She opened the front door as the car drew up outside the house. The breath she took as the headlamps faded and died felt as cold as the night was threatening to be. The car spread the white wings of its doors, and two men in black rose from it, capping their heads. The simultaneous closing of the doors sounded like a single blow with an enormous blade, and the houses were sending it flatly back when the foremost policeman opened her gate. "Mrs., or is it Professor Travis?"

"Mrs. is fine."

As he strode up the path she saw the scent tug his head the merest fraction toward the lavender plant. His large blue eyes, set widely in his broad round face, gave her the impression of being aware of much that he wasn't looking at directly, which compensated to some extent for his apparent youthfulness. His even more fresh-faced colleague closed the gate, holding the latch between finger and thumb as if it was a piece of evidence, and the blue-eyed policeman pointed both hands at Susanne. "Please. We'll follow."

She mustn't expect them to be bringing her news. They took off their caps as they entered the house, but that only meant they were being polite. She shrugged off a chill which had followed them into the house and watched until both outer doors were shut, then she ushered them into the front room and sat facing the window. You didn't offer British policemen a drink on duty, she knew that much, or if you were supposed to offer one to allow them to refuse she hadn't time for the ritual, nor for making them coffee, nor for anything else that would delay their doing their job. As the blue-eyed policeman sat on the couch to her left she said, "I told you my name but I didn't get yours."

"You told the station, the desk sergeant," he said with an air of gentle reproof which seemed to imply they had better be precise from the outset. "PC Askew and PC Angel."

The initials didn't mean politically correct, she knew, and presumably he'd named himself first, because neither his eyes nor his hands had referred to his colleague, who'd found a seat to her right. Though he pronounced his own name with the accent on the first syllable, the names still sounded like a British comedy duo, and Susanne couldn't help reflecting that although it had taken an inspector and his team to deal with her videos, a couple of constables were apparently considered sufficient for Marshall. So long as they were good at their job, did it matter? They wouldn't be the only ones involved in the investigation. "What do you need me to tell you?" she said.

Blue-eyed Askew produced a notebook and a rudimentary ballpoint without taking his eyes off her. "Your full name, Mrs. Travis, and your date and place of birth."

All her resolution to conduct the interview as swiftly and efficiently as possible collapsed at once. "Do you really need all that at this stage? Can't you take a description of my son first? I only asked you to come here because your sergeant wouldn't let me phone it in."

"I'm sure you can appreciate why, Mrs. Travis. If we started proceedings on the basis of every phone call we receive—"

"Sure, but now you've seen I'm not a crank. I wish I hadn't had to phone at all. Can't you just put out a description before you do the rest of the paperwork? There's too much of that in too many jobs these days."

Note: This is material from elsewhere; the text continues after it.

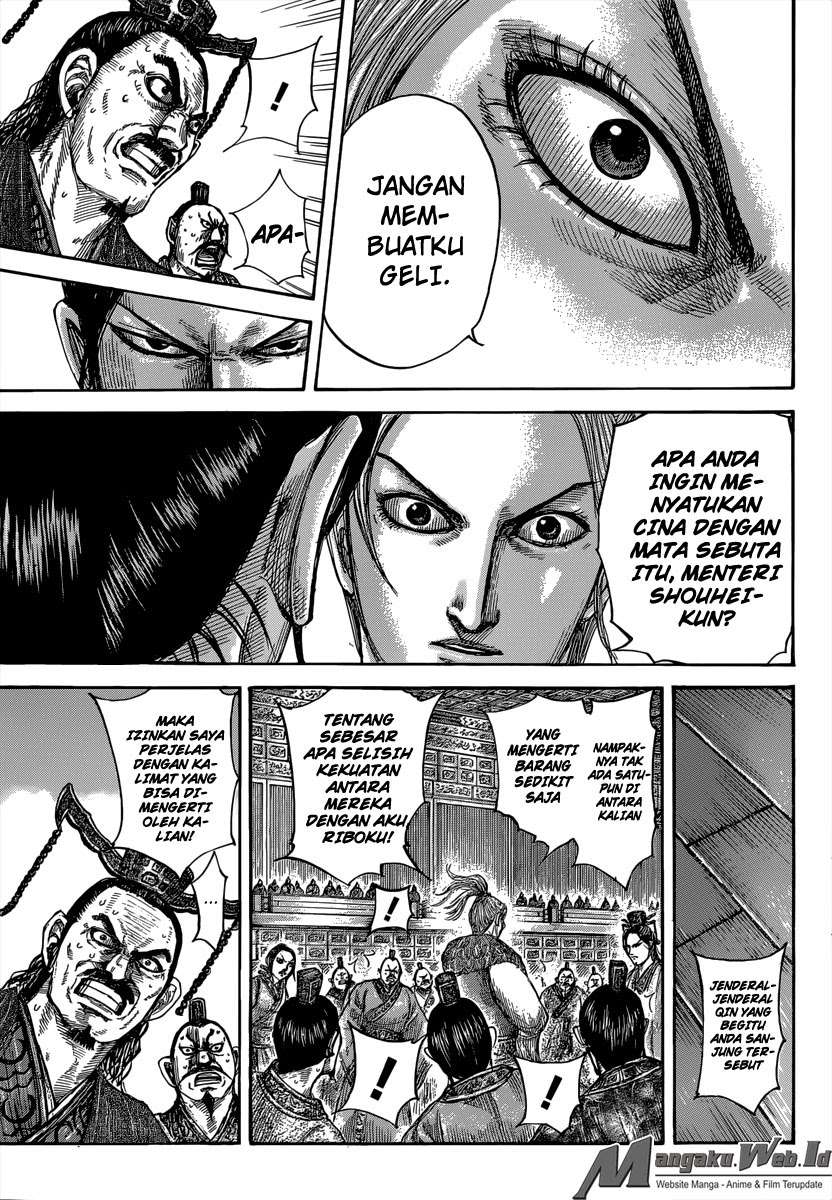 Chapter 491 - halaman 10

"So they say," Askew said, making his reluctance more apparent as he placed the pen and notebook next to the heap of essays on the table. "Have you any reason to suppose your son is in danger?"

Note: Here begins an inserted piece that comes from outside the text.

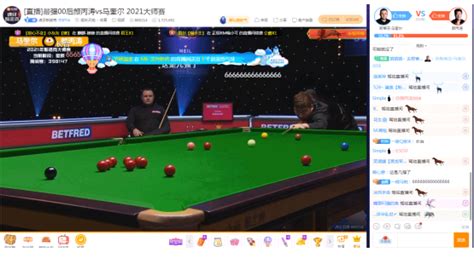 誰知道2008斯諾克世錦賽哪個網站會直播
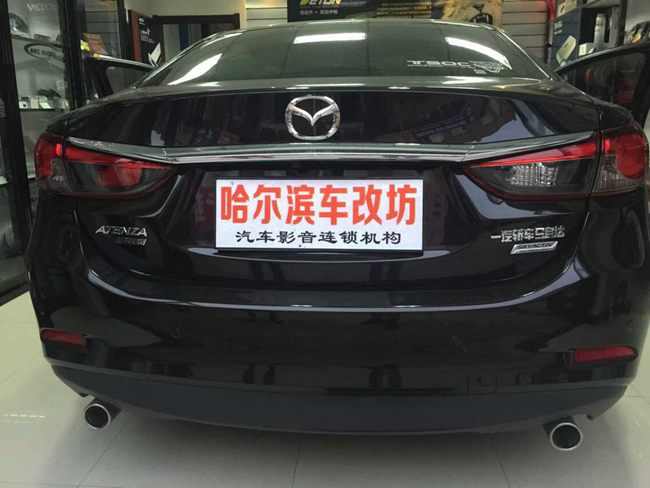 簡單的精彩 車改坊（哈爾濱店）馬自達阿特茲改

The question seemed cruelly direct even if it was legitimate. "I should think you'd know the possibilities as well as I do," Susanne said.

"I take your point, but is there anything specific? How long has he been missing?"

That was another question she would have preferred not to consider. "Nearly seven hours."

"Seven hours." It wasn't clear what if any difference rounding up the amount made to Askew. "Can you tell us when he was last sighted to your knowledge?"

"At school. Bushy Road School."

"They had a half-day off, did they?"

"No, he—" Susanne felt as if she was about to be compelled to pick her way through all the thoughts she'd already had. "He had a disagreement with the headmaster, and I'm afraid he walked."

"A disagreement with the headmaster."

"Over something someone had said about me. Don't get the idea he routinely goes AWOL. This is the first time, here or where we came from."

"How long have you been in this country, Mrs. Travis?"

That was Angel, whose long bony face had produced an almost invisible blond moustache once he was in the light. She wished he had remained silent if he was going to slow things down further. "Nine months. Is that relevant?"

"Was your son happy with the move?"

"Yes, very. It was his idea as much as, as anyone's. We wouldn't have done it if he hadn't wanted to."

"You don't think it's possible he might have changed his mind."

"I don't, because he would have told me. We've always talked." Askew's scrutiny was starting to play on her nerves; it felt like her own doubts rendered visible. "What?" she demanded, in the way she'd thought only characters in modes did.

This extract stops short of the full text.